Maine is the most forested state in the nation, but after centuries of farming and logging, only pockets of large, old trees remain.

That's especially true in southern Maine, where much of the land was cleared for farming and grazing by the 19th century.

"If northern Maine has 3% or 3.5% of the landscape in this, than I think there is less than 1% of southern Maine that could possibly be in this condition," said Brian Milakovsky, a senior forester with the New England Forestry Foundation.

Milakovsky said old woods are critical for biodiversity.

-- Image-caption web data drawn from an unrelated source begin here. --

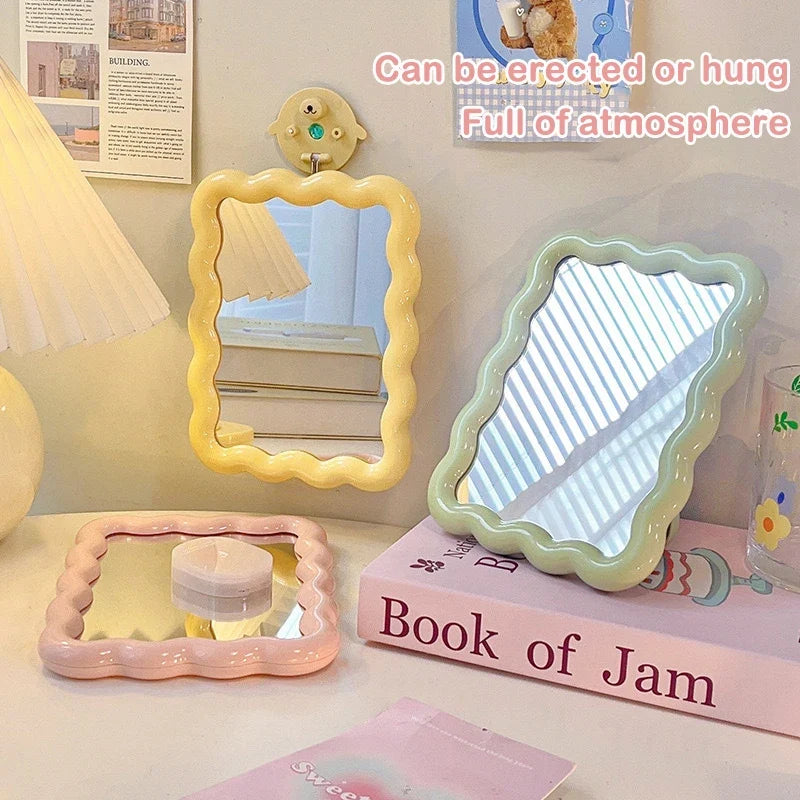DIKALU Corrugated Compact Makeup Mirror | Foldable & Portable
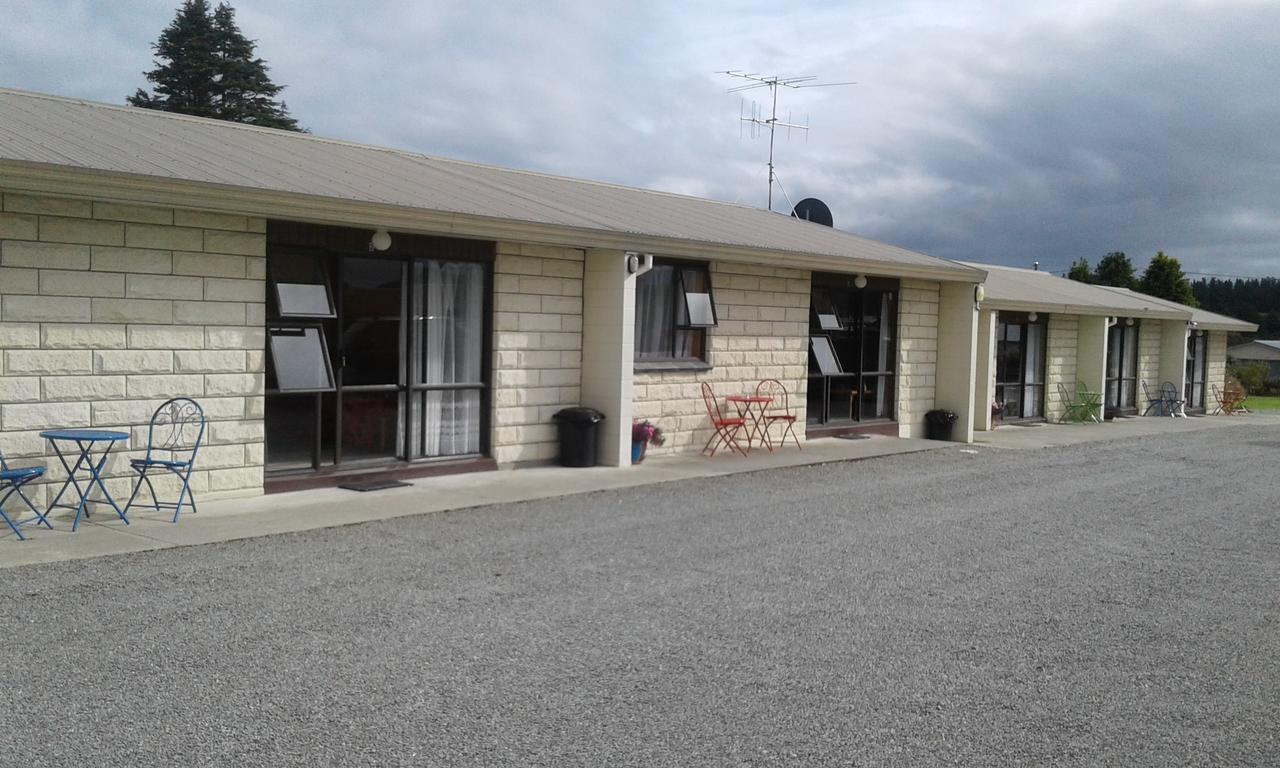 Moeraki Boulders Motel Hampden Buitenkant foto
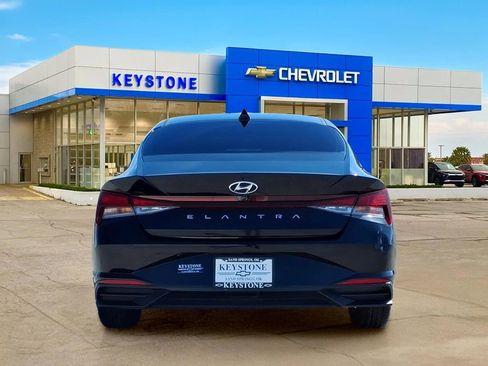 Used 2023 Hyundai Elantra SEL FWD image 6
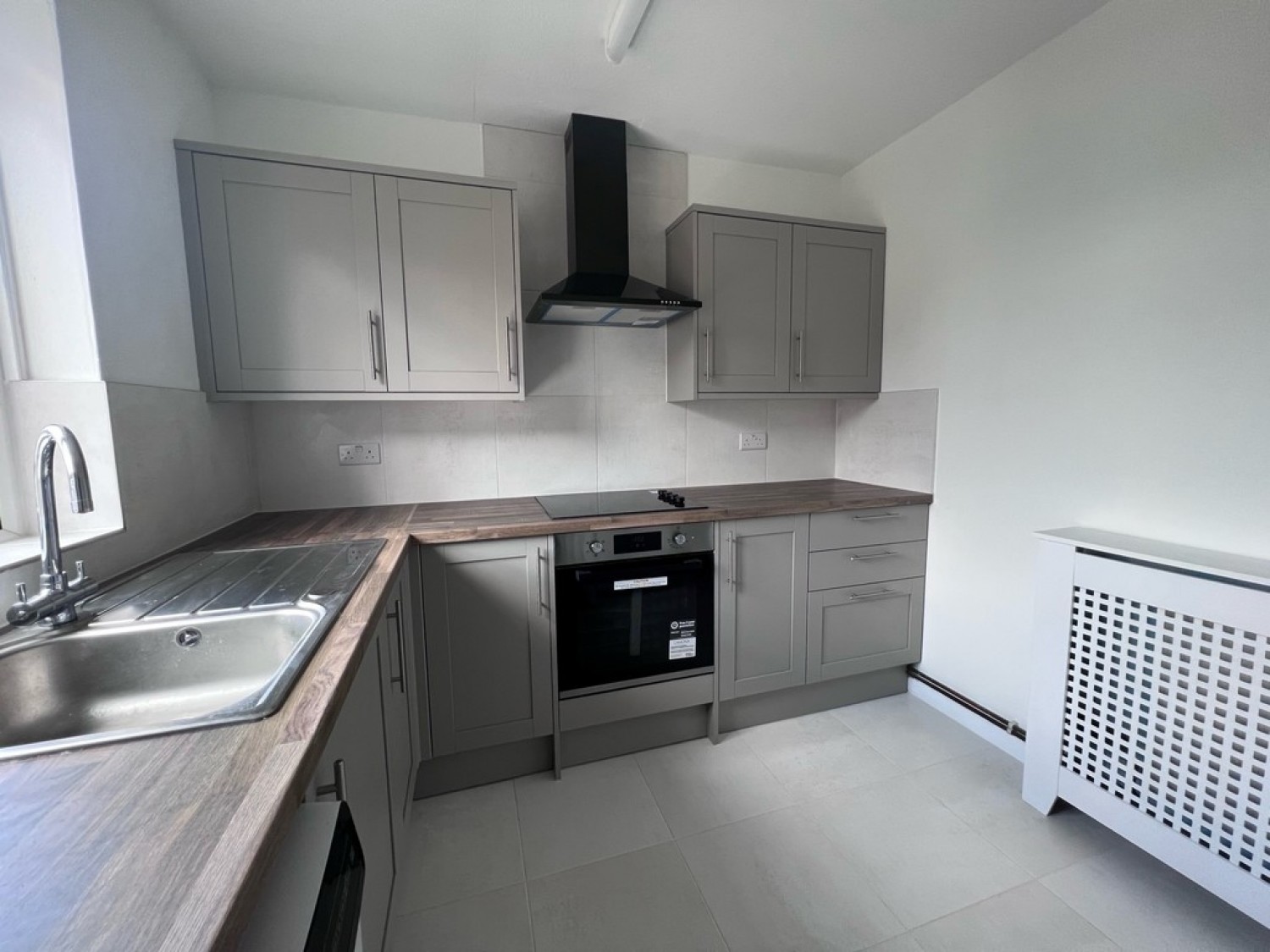 2 bedroom Flat for Letting Addiscombe Road, East Croydon, Surrey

And they serve an outsized role in trapping climate-warming carbon dioxide.

"When you've got a lot of old trees holding it, living and dead, in high volumes out in a natural forest like this one, that's a really good way to store a lot of carbon," said Milakovsky on a visit to the Chaplins' land.

Preserving those trees is a challenge in Maine, where most forests are owned by private timber companies.

The foundation is using a $4.3 million U.S. Forest Service grant to offer some of those landowners partial value of their timber to defer harvesting trees already written into harvesting plans.

Milakovsky said that should give the foundation and other groups time to conserve the parcels through purchase or easement. Or to let carbon credit markets develop that would pay landowners for the carbon storage potential of their living old trees.

"Seven to 10 years, depending on the owner, is a lot of time to find good solutions that work for the landowner financially but also help us keep more of this mixed into our working forest," Milakovsky said.

The deferral program comes at the same time as a statewide effort to hold onto patches of old trees that remain on the landscape.

A state work group made of up conservation, landowner and industry representatives is meant to deliver a report on strategies to conserve late successional and old growth forests by this November.

Jonathan Thompson, a professor at Harvard Forest, a school of Harvard University, said a groundbreaking 2024 study that digitally mapped old forest in northern Maine triggered a race to preserve what remains in the state.

"It's a surprise that there would be these high-volume, ecologically valuable stands on commercial timberlands," Thompson said.

Thompson was co-author of a recent study that laid out strategies to protect old tree stands, including financial incentives to landowners.

But he was initially skeptical of the foundation's deferral payments.

"You know, the best case scenario is we're going to have to buy these twice, you know, when the deferral runs out," he said.

Thompson has since come around to the idea as triage. Landowners are already planning to harvest some of these trees, and when they're gone, there's no bringing them back.

"No one is suggesting this is the end of the discussion, but if something isn't done right now, they will be cut," Thompson said.